• **Directions**: Every word in the data below belongs in your copy, exactly as given; the pictures do not.

• **Data shown**:
++++++++++

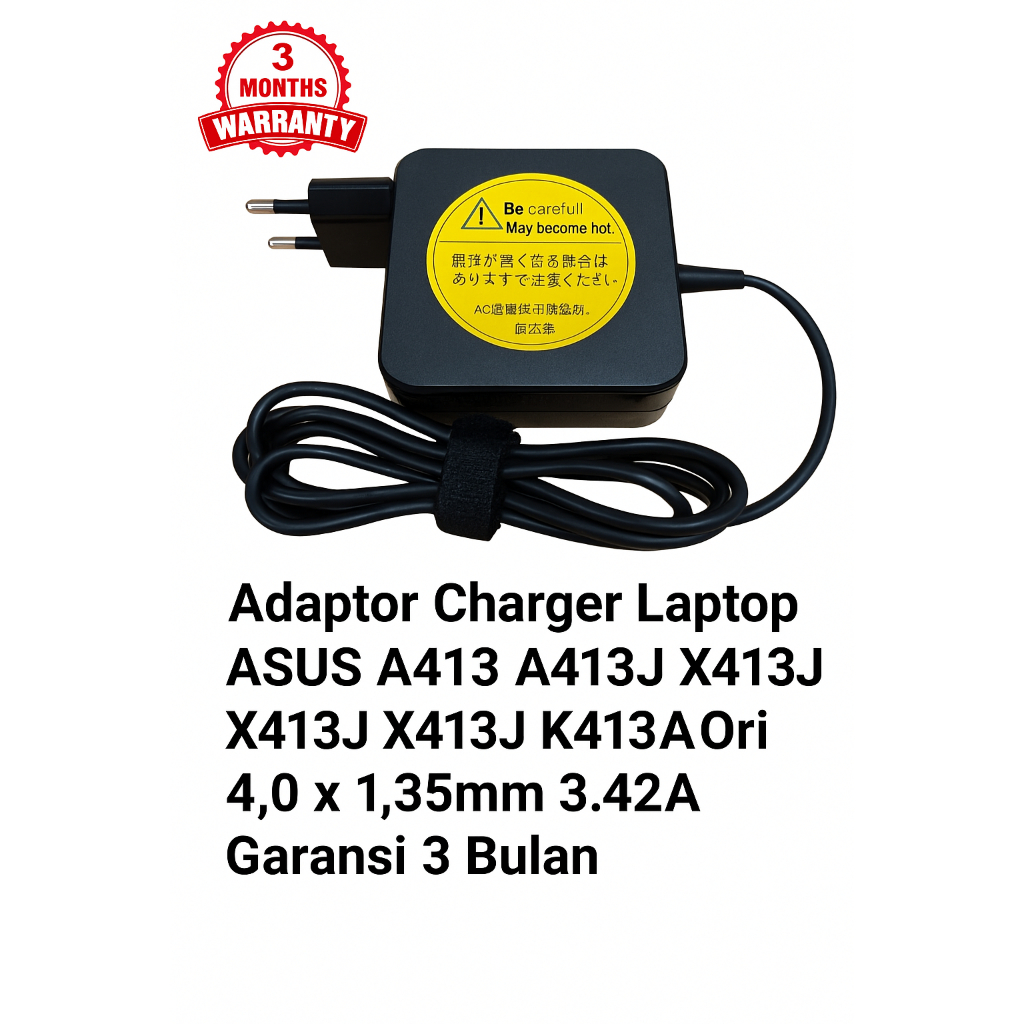 Charger Asus A413 A413J K413J X413 K413F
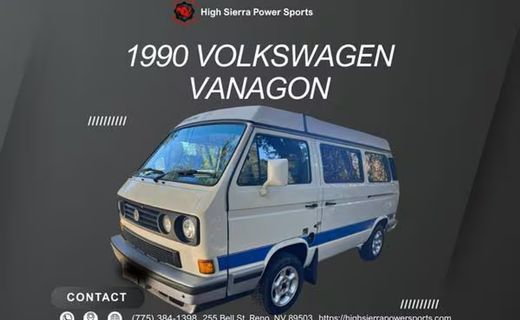 1990 Volkswagen Vanagon Camper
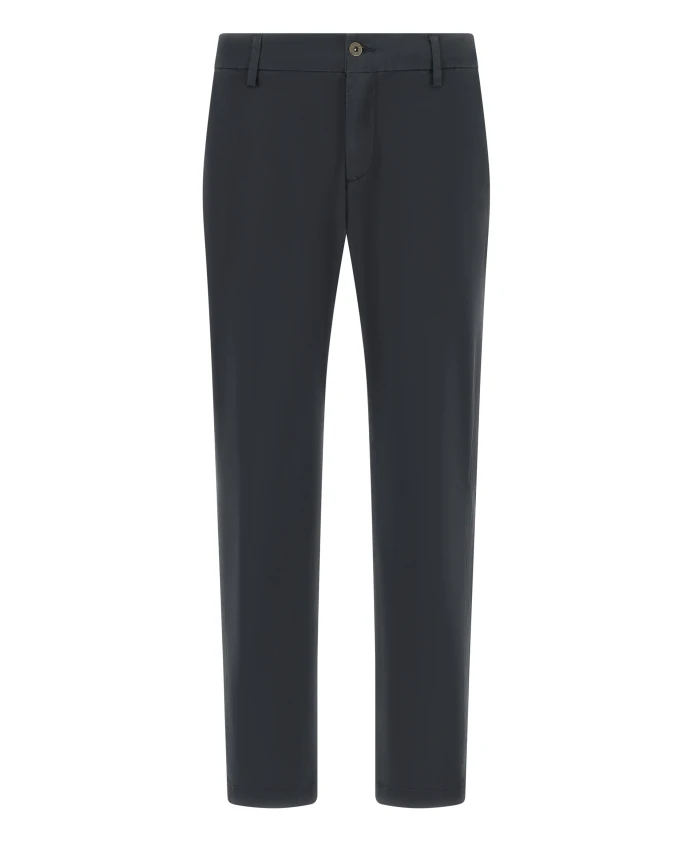 Брюки из эластичного габардина Boggi Milano, синий
Брюки из эластичного габардина Boggi Milano, синий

++++++++++

• **Answer to this exercise**:
 Charger Asus A413 A413J K413J X413 K413F
 1990 Volkswagen Vanagon Camper
 Брюки из эластичного габардина Boggi Milano, синий
Брюки из эластичного габардина Boggi Milano, синий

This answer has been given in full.